The tour began with a small circle through the Cold Springs neighborhood immediately surrounding Open Buffalo’s office at Jefferson and Utica before circling outward through the Broadway-Fillmore area. The leaders examined the impacts of the Kensington Expressway dividing the once-prosperous Hamlin Park in half as they rode from MLK Park at Fillmore & Best up the NY-33 and Scajaquada Expressways up to the Buffalo History Museum. A tour of the museum’s research library with librarian Cynthia Van Ness introduced the leaders to resources in the collection for researching the history of specific parcels of land, maps showing the changes to neighborhoods over time, and the wealth of online resources available through the research library for free.
After lunch on the museum’s portico, the leaders rode through the West Side, viewing one of the last remnants of Buffalo’s Olmsted Parkway system and talking about ecological justice projects such as PUSH Buffalo’s Net Zero house on Winter Street, the Massachusetts Avenue Project, and more. Clean Mobility transportation initiatives will make it easier for residents all over the city to benefit from these projects, as well as to build their own improvements to increase green space and improve walkability in their neighborhoods. We visited Freedom Park to pour a libation for the ancestors who lost their lives crossing the Niagara River to freedom, before heading through the Old First Ward to Tifft Nature Preserve, through South Buffalo, and taking a tour with WUFO’s radio host Jim Anderson through several of the anchor sites of the Michigan Street African American Heritage Corridor.

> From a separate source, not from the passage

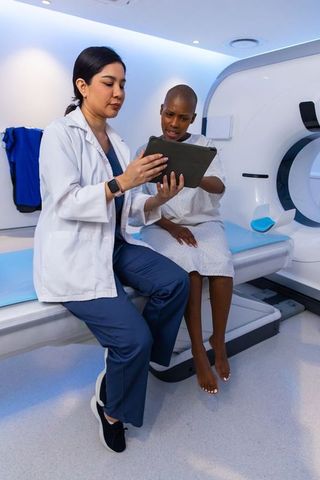 African american clinician reviewing tablet with patient before ct scan in radiology suite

The tour concluded at 5:00 p.m. after a look at several workforce development sites, such as Northland Workforce Training Center and Viridi Parente, which offer job training and employment opportunities on the East Side. The leaders examined the transit accessibility of these options and discussed how Clean Mobility improvements such as e-bike access and intersection safety improvements will open these options up to more residents.
Eight hours on a bus is a very long day, but leaders disembarked from the bus energized to begin putting their ideas to work to improve their neighborhoods.